Image: ghcr.io/obasktools/pipeline-dumps
Git: https://github.com/OBASKTools/pipeline-dumps
Summary: The dumps pipeline access the triple store to obtain data dumps that in mungs, transforms and enriches for various downstream purposes such as pipeline-prod ingestion and solr ingestion.
Dockerfile

Detailed notes on pipeline-dumps

The process performs the following steps (all encoded in the Makefile):
Build dump for obask-kb (Neo4j tabular data structure)
Build dump for solr (special json file, created using python)

Sub-pipeline: Knowledge Graph (obask-kb)

Summary: This pipeline deploys the production instance of the Knowledge Graph (neo4j database) and loads all the relevant data.
Depends on: pipeline-dumps
Dependents: None

Service: obask-kb

Image: ghcr.io/obasktools/obask-kb
Git: https://github.com/OBASKTools/obask-kb
Dockerfile
Summary: Deploys an empty, configured instance of a Neo4J database with the neo2owl plugin, APOC and GDS tools.

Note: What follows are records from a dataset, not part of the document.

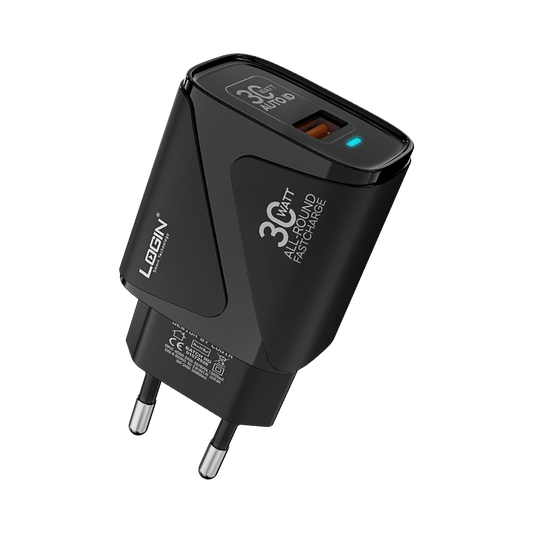 L-403 All Round | Charger 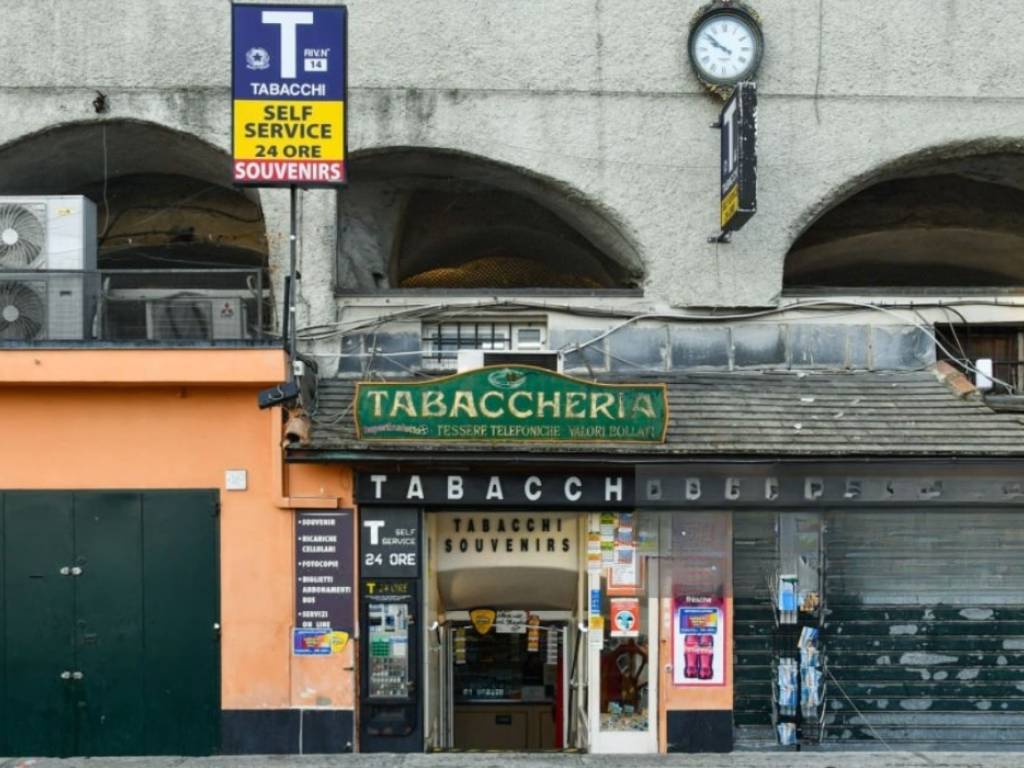 negozio in vendita a Roma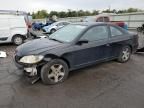 2004 Honda Civic EX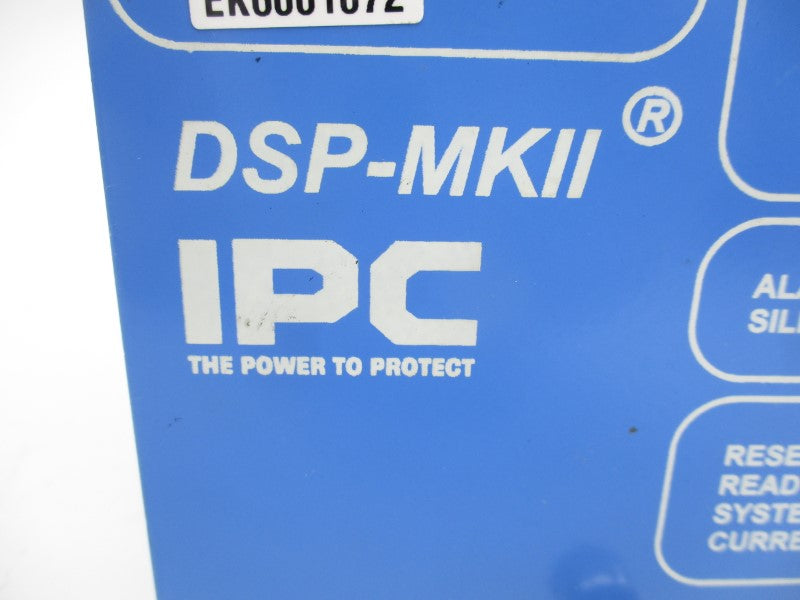 IPC DSP-CM2 2-4-411-2 NSNP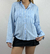 Camisa Chiara listrada - comprar online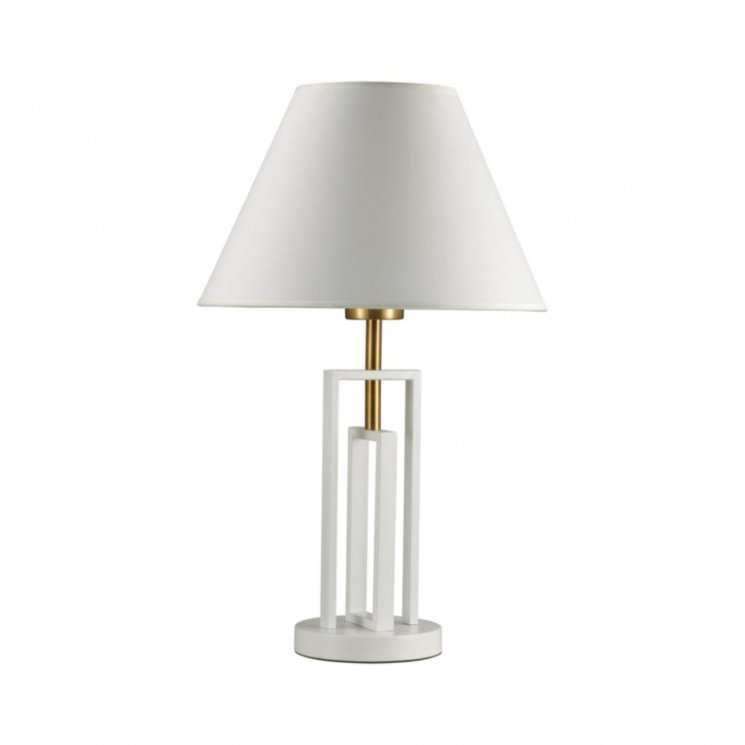 Настольная лампа Lumion Fletcher 5291/1T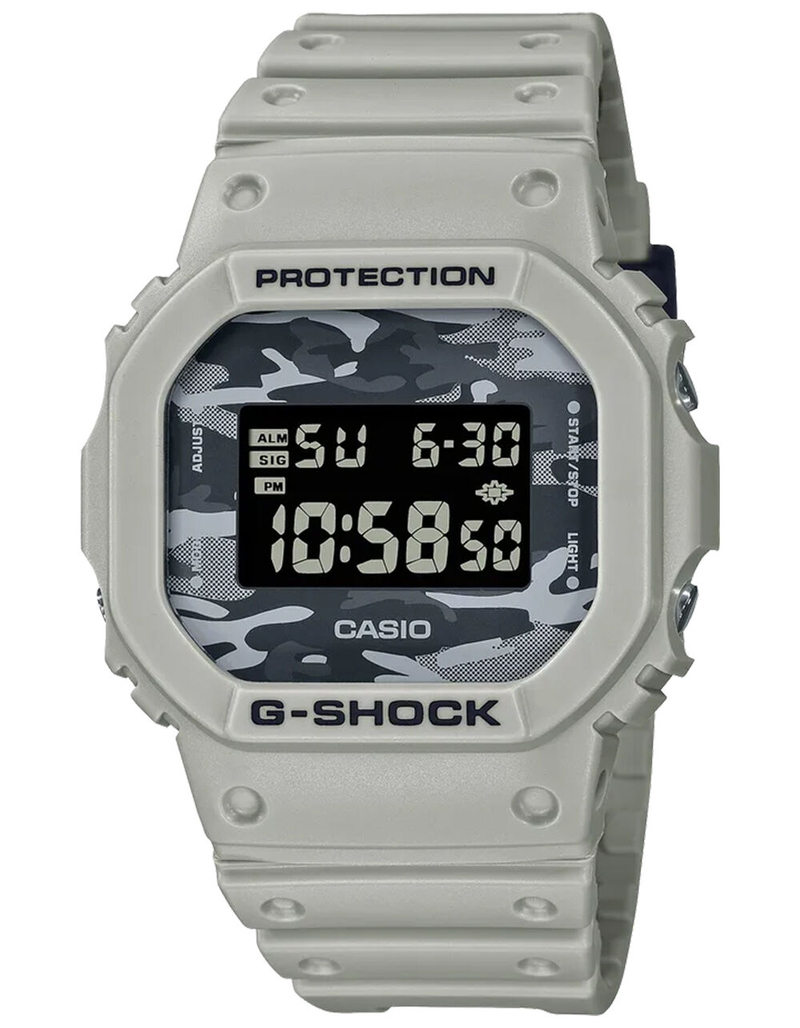 G-SHOCK DW5600CA-8 Watch image number 0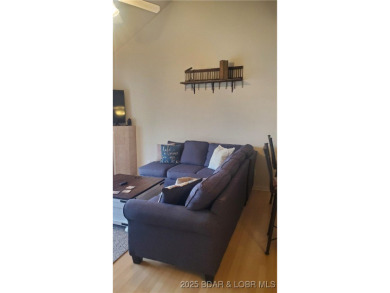 Unit 243A is a stunning lakefront condo on the 4th floor, with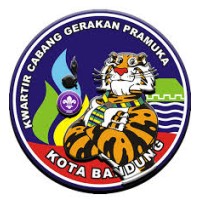 Kwartir Cabang Kota Bandung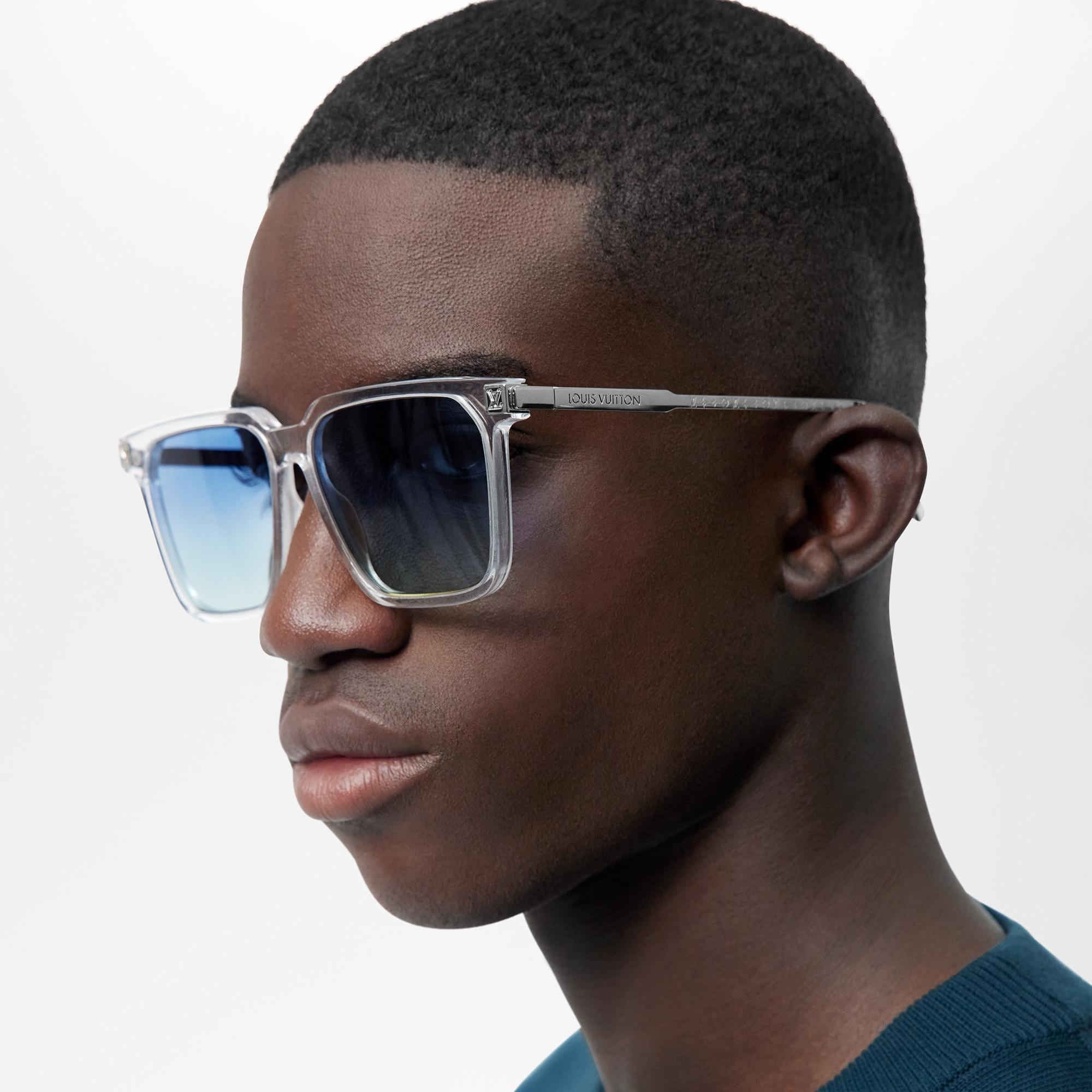 LV Rise Square Sunglasses - 6
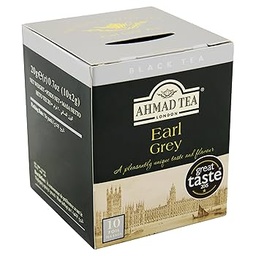 [054881003230] AHMED TEA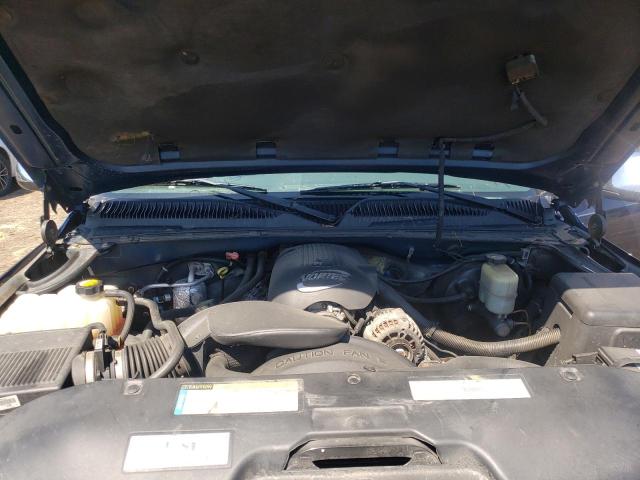 Фото 7 с аукциона – 2001 CHEVROLET SILVERADO с VIN 1GCEK19T71E168970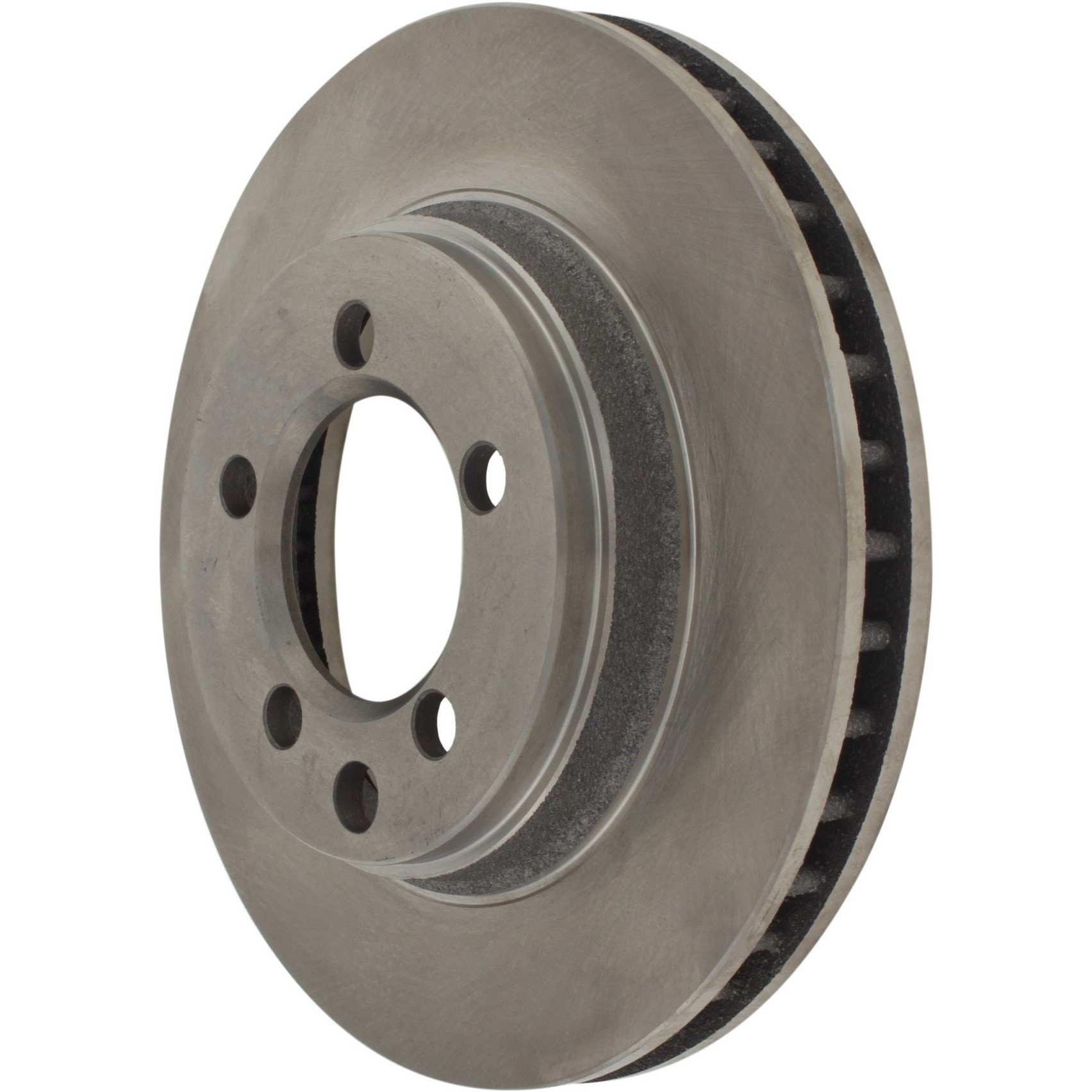 Stoptech Centric Performance Brake Rotor 121.67001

Data pipeline: pipeline-updateprod

Image: ghcr.io/obasktools/pipeline-updateprod
Git: https://github.com/OBASKTools/pipeline-updateprod
Dockerfile
Summary: The update-prod container currently takes an ontology (from the integration layer) and loads it into the the Neo4J instance (pipeline-prod) using the neo2owl plugin. Process:
Loading the ontology using the neo4j2owl:owl2Import() procedure
Setting a number of indices (see detailed notes below).

Detailed notes about pipeline-updateprod

You can set additional Pipeline post-processing steps like indices by editing this file. Note that this file can be used to set arbitrary post-processing cypher queries, not just indices (contrary to the file name). Essentially, all list cypher queries are executed in order right after PDB import is completed.
The possible configuration settings for the neo4j2owl:owl2Import() procedure are described here. The configuration is stored here.

Sub-pipeline: Ontology Search (ontology-search)

Summary: This pipeline deploys the production instance of the Knowledge Graph (neo4j database) and loads all the relevant data.
Depends on: pipeline-dumps
Dependents: None

Service: Solr

Image: solr:8.11
Summary: Deploys an empty, configured instance of Solr.

Data pipeline: pipeline-updatesolr

Image: ghcr.io/obasktools/pipeline-updatesolr
Git: https://github.com/OBASKTools/pipeline-updatesolr
Dockerfile
Summary: The pipeline-updatesolr container initializes the Solr schema and indexes the json data generated by the pipeline-dumps to the Solr.

Service: ontology-search

Image: ghcr.io/obasktools/ontology-search
Git: https://github.com/OBASKTools/ontology-search
Dockerfile
Summary: Provides ontology search APIs.